I'm just curious as to whether anyone is participating in it this year. I'm going to! I'd love to know if any other writers (furry or otherwise) are planning to.

If you have no idea what NaNoWriMo is, click here!


----------



## verix (Jul 22, 2007)

I might. I have a book idea running around in my head that I've been trying to get down on paper. This would be a good excuse to go through with it.


----------



## ChibiJaime (Jul 22, 2007)

Pretty much my thoughts on it, too. I've got a lot of ideas and I sometimes lack the wherewithal to do it.

I figure if I give myself a deadline, it'll help me actually put my mind to it and write.


----------



## IanKeith (Jul 22, 2007)

I always join and never finish, my best result only being about 3,000 words... :/


----------



## M. LeRenard (Jul 22, 2007)

I've heard of this elsewhere.  Doesn't really appeal to me, as right now I'm concentrating on my one major project (88,000 words and counting!) and so have very few other ideas.  It might be fun, though, trying to belt out 100 some-odd pages in a month.


----------



## ChibiJaime (Jul 22, 2007)

M. Le Renard said:
			
		

> I've heard of this elsewhere.  Doesn't really appeal to me, as right now I'm concentrating on my one major project (88,000 words and counting!) and so have very few other ideas.  It might be fun, though, trying to belt out 100 some-odd pages in a month.
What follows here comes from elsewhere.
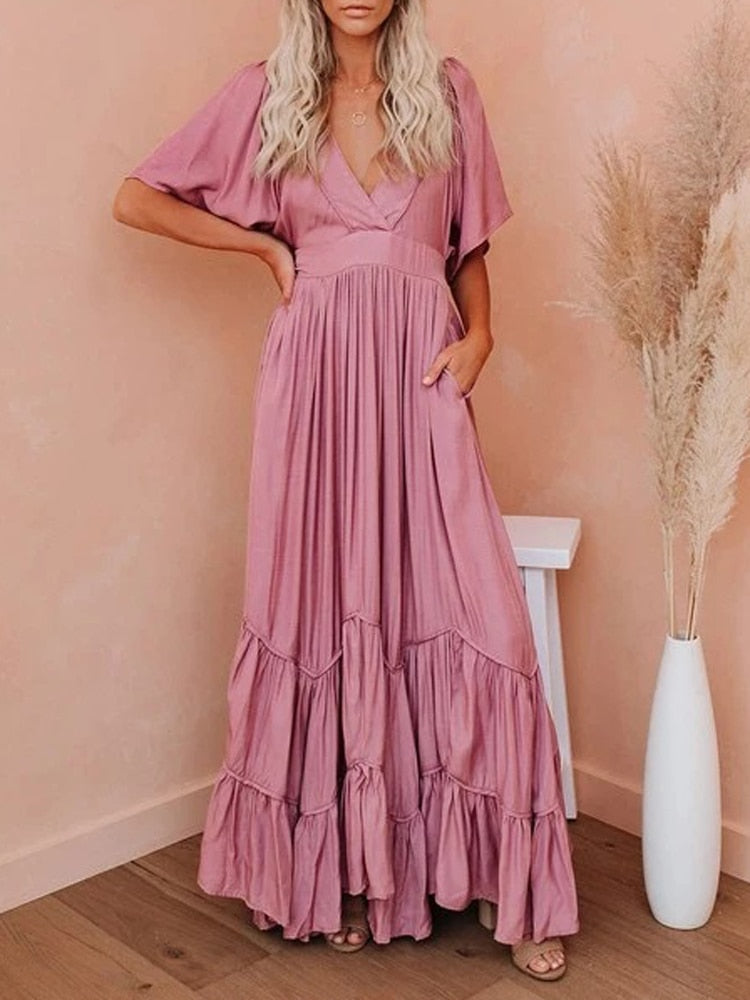 Loose maxi dress with ruffle hem, suitable for daily and beach wear.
Wow, you've got a lot more spunk than I do these days. I've been trying to get started for weeks (on a separate project, mind) and I find I just can't concentrate sometimes. I've got the ideas, I've got the determination to get it done... but I keep getting distracted. Which is why I feel having a deadline might help.
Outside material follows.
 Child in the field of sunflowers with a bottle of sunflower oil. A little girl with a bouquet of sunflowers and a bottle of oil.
Any helpful hints, maybe? :3


----------



## koutoni (Jul 23, 2007)

[size=medium]i'd love to be able to push myself to do it (it's November, yeah?), just to be able to say "hey, i wrote a novel!  stick that in yer pipe and smoke it!"[/size]


----------



## DarkMeW (Jul 23, 2007)

I was planning on to, but I planned on doing the last two and something always seems to come up that's more important.


----------



## M. LeRenard (Jul 23, 2007)

> Any helpful hints, maybe? :3


Ummmm.....
I treat writing like a job, actually, since I do hope to make money off of it sometime.  So, like with any job, I make sure I fill my quota for the day before I do other things (a quota being, for me, at the very least 2 pages).  Then just stick with it, and eventually you get into the habit of doing it, and you've got a novel by the end of the year, so long as you don't keep making excuses not to write.  And don't worry about getting it right the first time, because you won't; just concentrate on getting the ideas onto paper, then fix everything later.
It's borrowed wisdom from Stephen King and some other people who wrote books on writing, but it's worked for me.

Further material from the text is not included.